İslam`ın ilk emrinin “oku” olduğu herkesin malumu

advertisement
DİNLE
Perşembe, 01 Nisan 2010 15:11
İslam’ın ilk emrinin “oku” olduğu herkesin malumu. Bu emrin içinde onun kadar önem taşıyan
fakat yeterince dikkat etmediğimiz bir başka ikaz olduğu kanaatindeyim; dinle! Okuma fiilinde üç
unsur var; okuyan, okunan (mesaj) ve dinleyen. Hazreti peygambere okuma emri verildiyse
muhataplara da dinleme emri verilmiş demektir.
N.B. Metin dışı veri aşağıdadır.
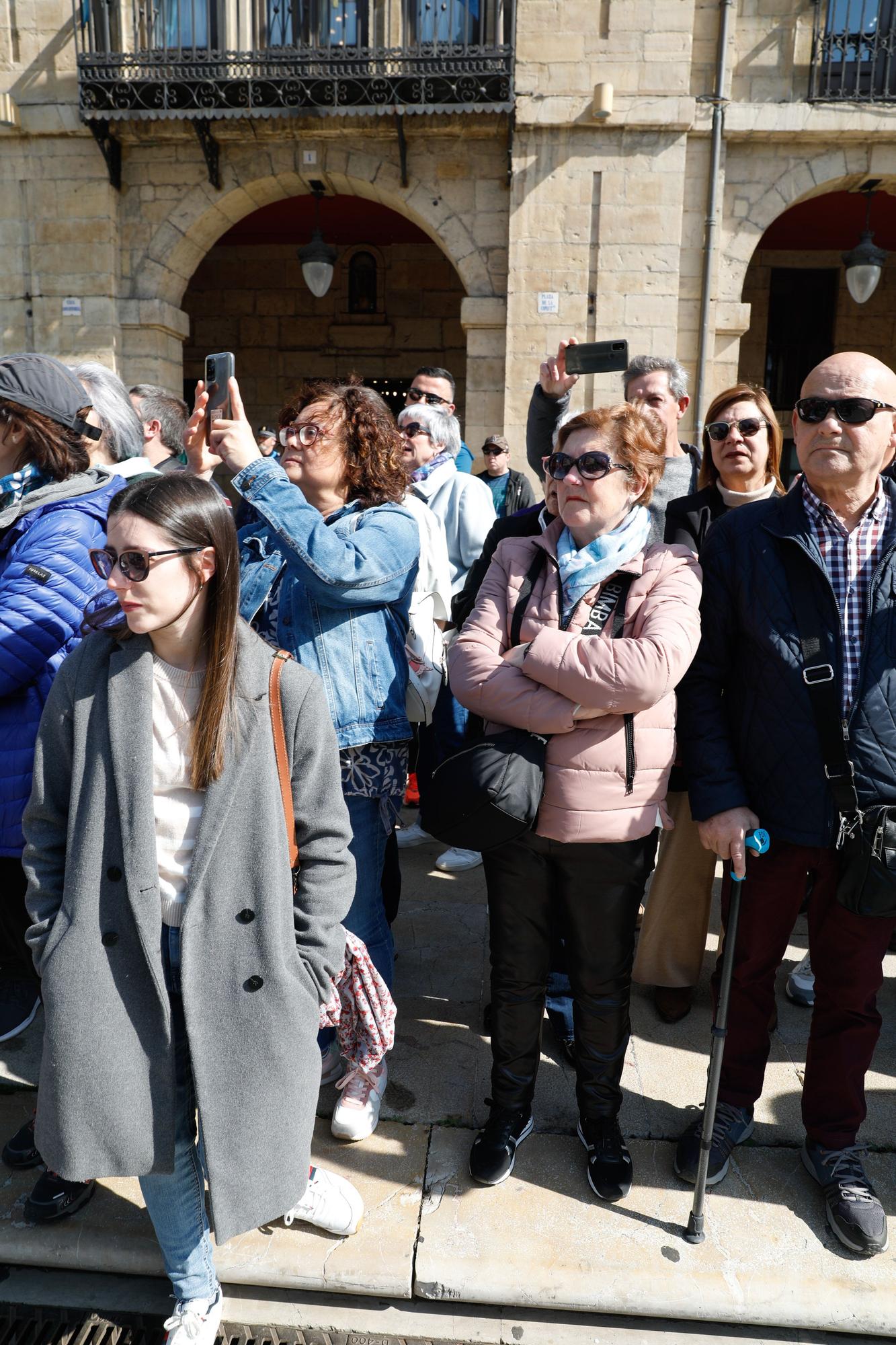 EN IMÁGENES: La tamborrada del Viernes Santo en Avilés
İlk “oku” emrinden sonra farklı iki insan tavrı ortaya çıktı; mesaja kulak verenler ve mesajı
kulak ardı edenler. Bu emrin mahiyetini en iyi anlayan yine Kuran’ın ilk muhatapları oldurlar.
Mesaja kulak verenlere sahabe dendi. Onlar hazreti peygamberin sohbetinde bulunan ve onu
dinleyen, onun bahtiyar sohbet arkadaşlarıydı. Sahabe; sohbet insanı demekti, sohbetin
yetiştirdiği insan demekti. Dinlediler ve yüceldiler. Şahsiyet ve kimlik arayanlar için, yol gösteren
birer yıldız oldular insanlık semasında. Dinlemek, en insani en İslami bir terbiye yöntemidir. Bu
açıdan insanı yetiştiren, olgunlaştıran bir tarafı vardır.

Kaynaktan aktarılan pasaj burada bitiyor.